# What happened to the Canadian today (9/20/22)?



## moosejunky99 (Sep 20, 2022)

Hey.

May an engine broke down or something? This delay is long.


----------



## moosejunky99 (Sep 20, 2022)

i'm planning on doing a canadian trip but it is going to be almost 10k with 5 days say in Vancover and 8 days on train and 2 flys back to Chicago. That is a lot of $ for a train trip but i figure it was once in a life time.. maybe they get freight madness worse then us.


----------



## pennyk (Sep 20, 2022)

I was on the Canadian (from Toronto to Vancouver) in December 2011 and we were stopped for 10 hours because of a freight derailment. We ended making up a couple of hours before Vancouver and I did not miss my train to Seattle. (My fare back in using an "express deal" was $865 in a room for 2. It certainly was a deal.


----------



## Bob Dylan (Sep 20, 2022)

moosejunky99 said:


> i'm planning on doing a canadian trip but it is going to be almost 10k with 5 days say in Vancover and 8 days on train and 2 flys back to Chicago. That is a lot of $ for a train trip but i figure it was once in a life time.. maybe they get freight madness worse then us.

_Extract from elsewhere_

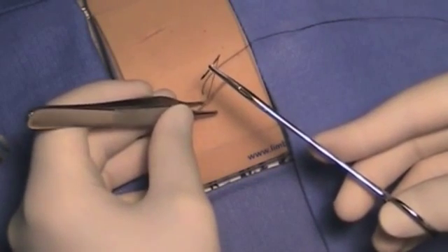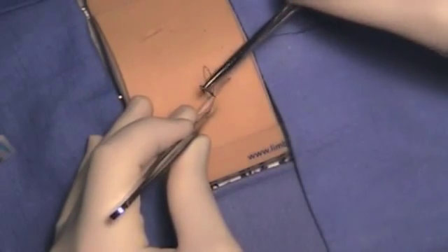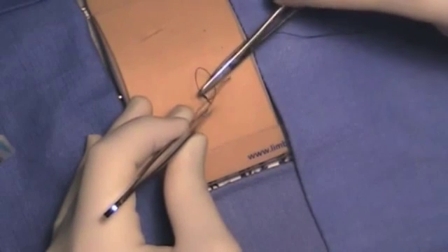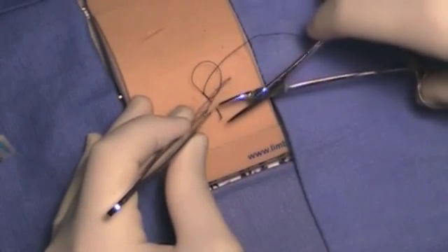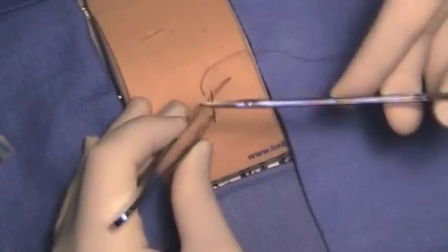The student should be expected to do two separate bites. Re-insert the needle at 90 degrees and you should exit the skin two to four millimeters away from the wound edge. Again, twist the needle until it's fully out of the skin and then pull the suture material through until there's about three to four centimeters left on the short end.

The Canadian is Infamous for having Delays due to Freight Trains, but with all the padding in the Schedule on the Westbound,#1, usually arrives at a reasonable time into Vancouver.

This is not as common on the Eastbound #2 with arrival into Toronto usually Late to Very Late!( even after adding an additional Night to the Schedule)


----------



## moosejunky99 (Sep 20, 2022)

Ya that what i was planning.. Figuring 2 weeks to do the whole trip. 1 day to fly to Toronto 4 days their 5 in vancover 4 days back and 1 day in toronto for just in case.


----------



## Urban Sky (Sep 21, 2022)

moosejunky99 said:


> Hey.
> 
> May an engine broke down or something? This delay is long.
> 
> View attachment 29695


As reported elsewhere, “The Friday departure delay was caused by a rock slide at Mile 55 on the Albreda Sub.”:





[email protected] | VIA #2 arriving late into Toronto Tues Sept 20







groups.io


----------



## moosejunky99 (Sep 21, 2022)

Urban Sky said:


> As reported elsewhere, “The Friday departure delay was caused by a rock slide at Mile 55 on the Albreda Sub.”:
> 
> 
> 
> ...


Thanks for finding out the information!


----------